Diversi studi, nell’ultimo mese, hanno infatti verificato che i contributi per la riduzione delle emissioni presentati in ambito ONU non impediranno – senza una revisione profonda – un aumento delle temperature pari a 2,7-3,5 °C entro fine secolo.

Qualcuno, va detto, ha fatto i compiti meglio di altri: Etiopia, Marocco e Costa Rica hanno presentato obiettivi ambiziosi, ma sono Paesi che detengono quote marginali delle emissioni globali. A distinguersi in negativo, invece, sono Canada, Australia, Russia, Giappone e Turchia, senza contare gli oltre 40 governi che non hanno ancora annunciato il loro impegno climatico post-2020.

 

 

Se l’accordo di Parigi non sarà risolutivo, tuttavia, la responsabilità maggiore sarà da ricercare altrove.
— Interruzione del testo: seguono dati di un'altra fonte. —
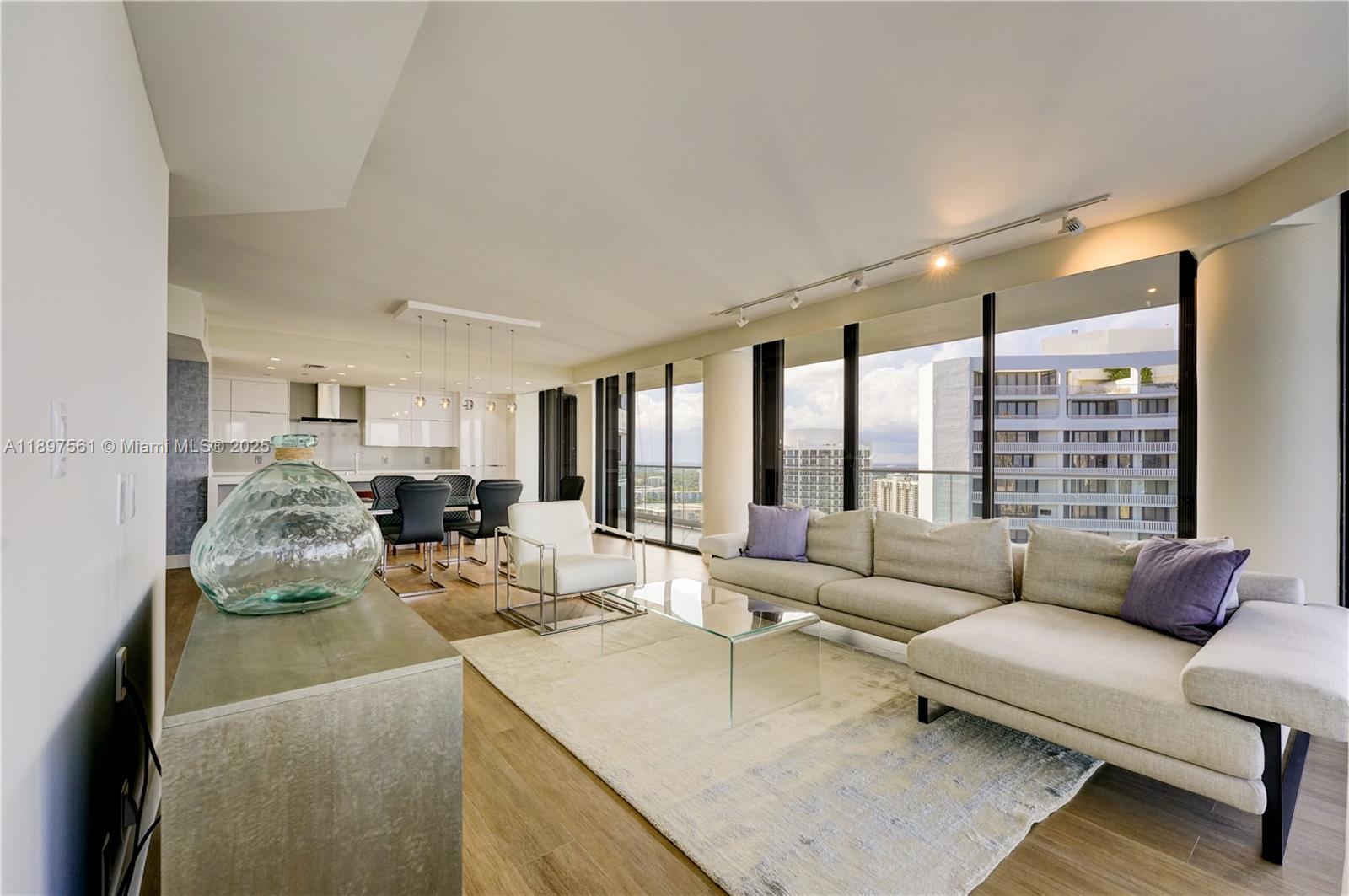 2800 ISLAND BL #2904, Aventura FL 33160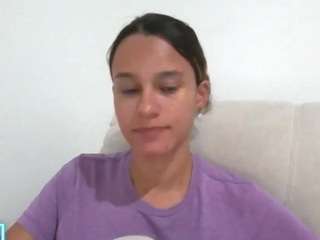 kelayabrunette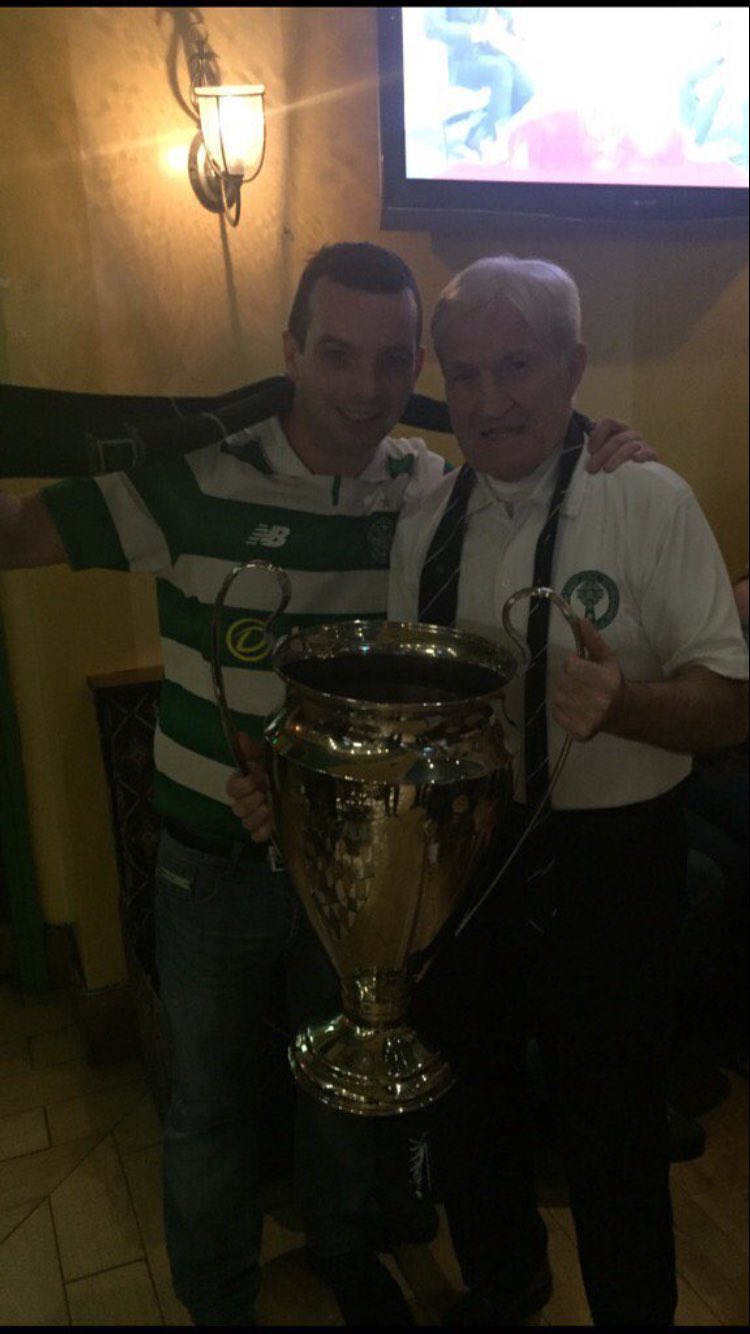 Happy birthday to the legend Bertie Auld 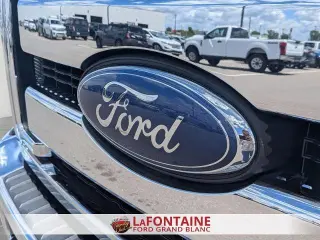 Ford F-350 Super Duty 2016 4x4 Lariat 4 puertas SuperCab 6.8 pies. SB SRW Pickup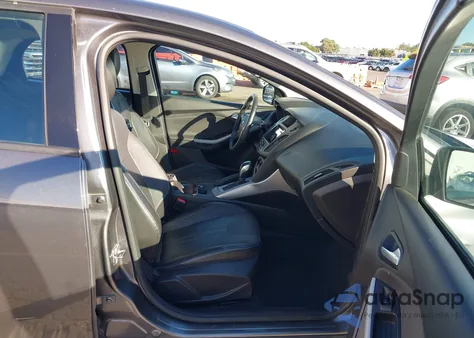 2014 Ford Focus Se z USA, uszkodzony, nr VIN 1FADP3K24EL463834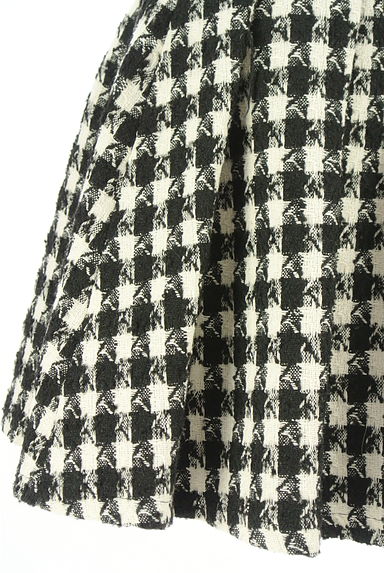 クリックで大画像表示 REDYAZEL(レディアゼル)の古着「チェック柄フレアスカート(スカート)」大画像5へ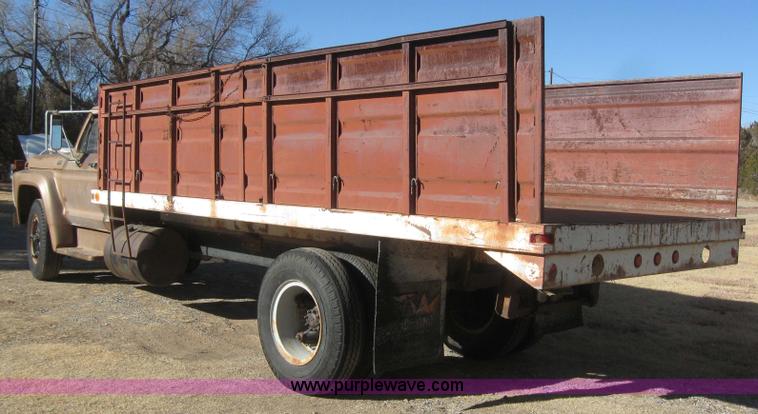 image for item 3155 1974 Ford F-700 grain truck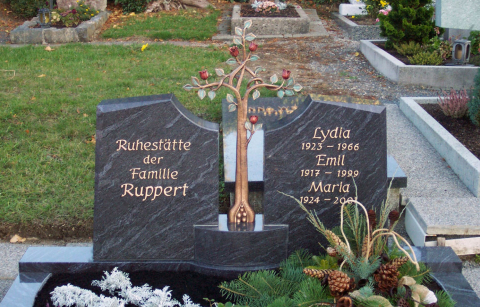 Grabstein mit zwei Hälften mit einer Baumstatue in der Mitte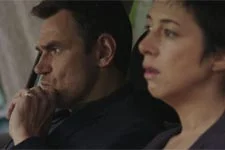 Patrick remarque qu?Anne tente de le doubler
Il principio di “responsabilità comune ma differenziata” stabilito dalla Carta del 1992 della Convenzione quadro delle Nazioni Unite sui cambiamenti climatici (UNFCCC), genera oggi attriti fra le grandi potenze e frena i negoziati.

I Paesi ricchi insistono sul fatto che molto è cambiato in 23 anni: diverse nazioni una volta etichettate come “in via di sviluppo” hanno fatto enormi progressi in campo economico, diventando grandi inquinatori responsabili del riscaldamento globale tanto quanto Stati Uniti e Unione europea. La Cina, ad esempio, è oggi il principale emettitore al mondo di inquinamento da anidride carbonica, mentre l’India è il quarto. Tuttavia, entrambi i governi si nascondono dietro l’etichetta di Paese in via di sviluppo per evitare modifiche drastiche del modello di sviluppo.

Per contro, non è che Bruxelles o Washington abbiano mai fatto mostra di voler gettare il cuore oltre l’ostacolo. Gli impegni di riduzione delle emissioni e limitazione dello sfruttamento di combustibili fossili sono piuttosto conservativi: alle dichiarazioni pubbliche di guerra al carbone non segue un parallelo e prepotente impegno per lo sviluppo delle energie pulite. Entrambe le grandi potenze, con il beneplacito delle grandi compagnie, hanno ripiegato sul gas naturale, celando dietro la retorica della transizione graduale e del male minore un business multimiliardario.